Task brief:
Omit all pictures, then retype exactly the lines from the one that contains "Orangenbäume in voller Pracht neben Palmen" through the end of the listing.

<<<<

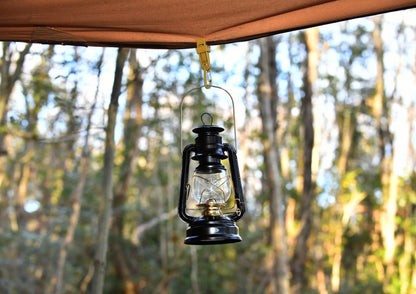 Ouroboros Carabiner Clips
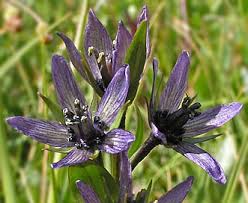 Attēlu rezultāti vaicājumam “Swertia perennis flower”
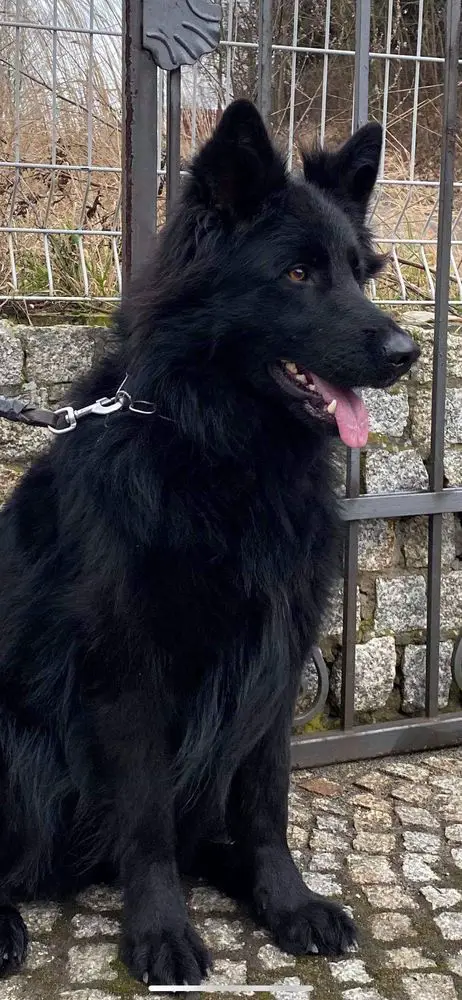 Loki vom Campus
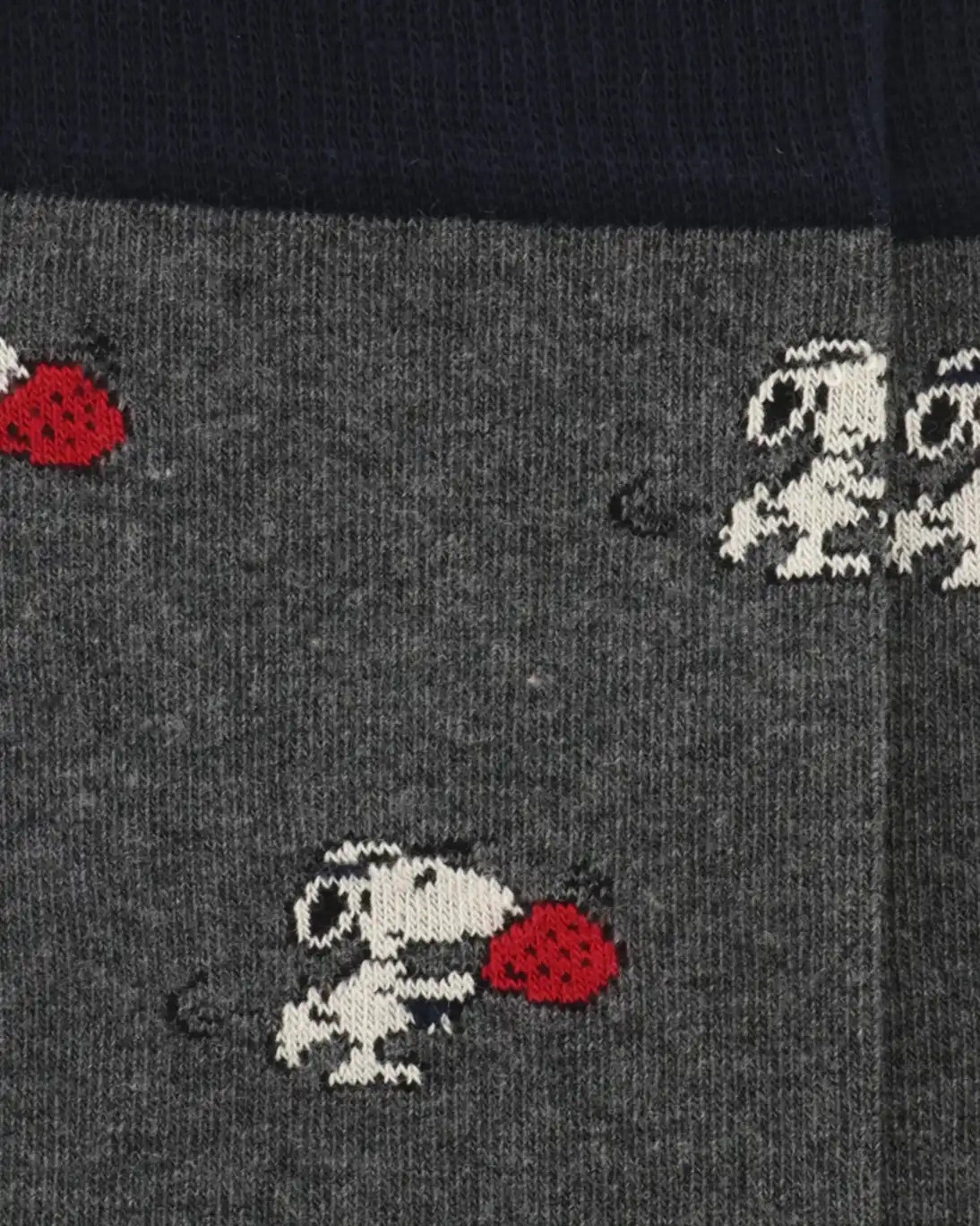 CALCETINES GRISES INTHEBOX SNOOPY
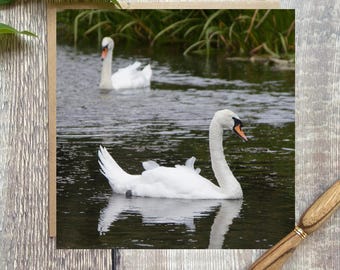 Swans on Lake Greeting Card - British Wildlife Birthday Card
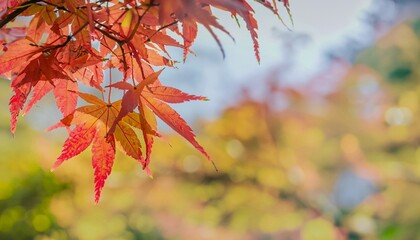 autumn leaves suitable as background or cover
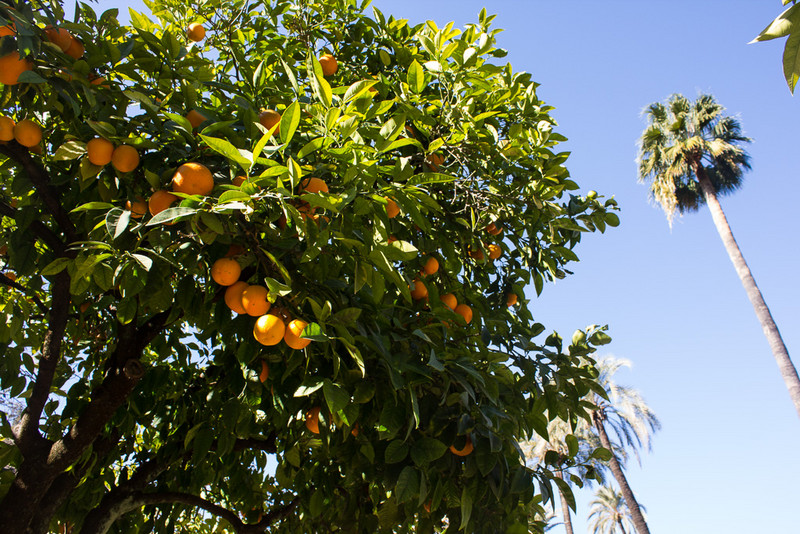 Orangenbäume in voller Pracht neben Palmen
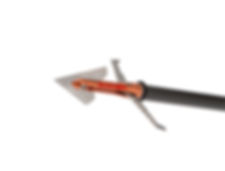 Bloodbath 100 Grain Broadhead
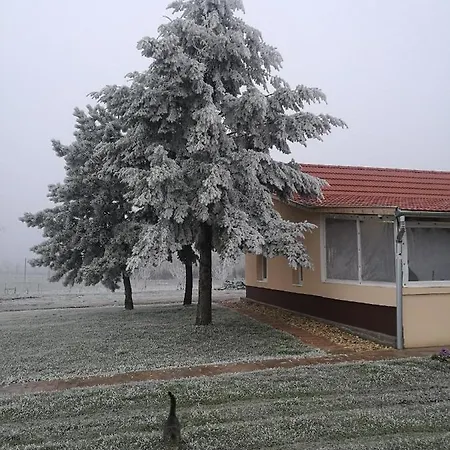 Birs Vendeghaz Vendégház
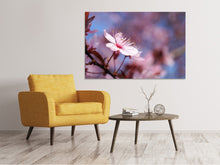 Load image into Gallery viewer, Canvas print Close up cherry blossom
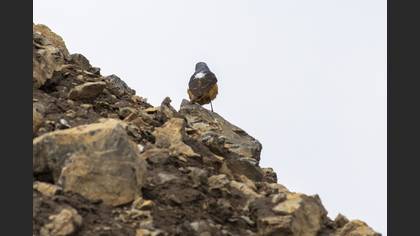 Common Rock Thrush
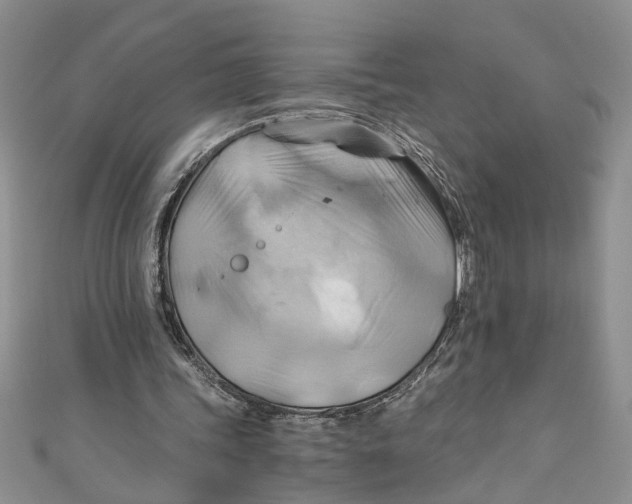 X0000111030339200907161329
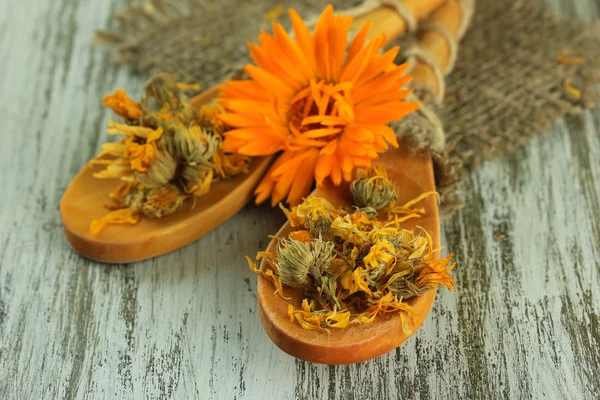 Fleurs de calendula fraîches et séchées sur fond bois — Photo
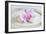 Orchid Blossom on White Sand-Uwe Merkel-Framed Photographic Print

>>>>

Answer to the problem:
 Orangenbäume in voller Pracht neben Palmen
 Bloodbath 100 Grain Broadhead
 Birs Vendeghaz Vendégház
 Load image into Gallery viewer, Canvas print Close up cherry blossom
 Common Rock Thrush
 X0000111030339200907161329
 Fleurs de calendula fraîches et séchées sur fond bois — Photo
 Orchid Blossom on White Sand-Uwe Merkel-Framed Photographic Print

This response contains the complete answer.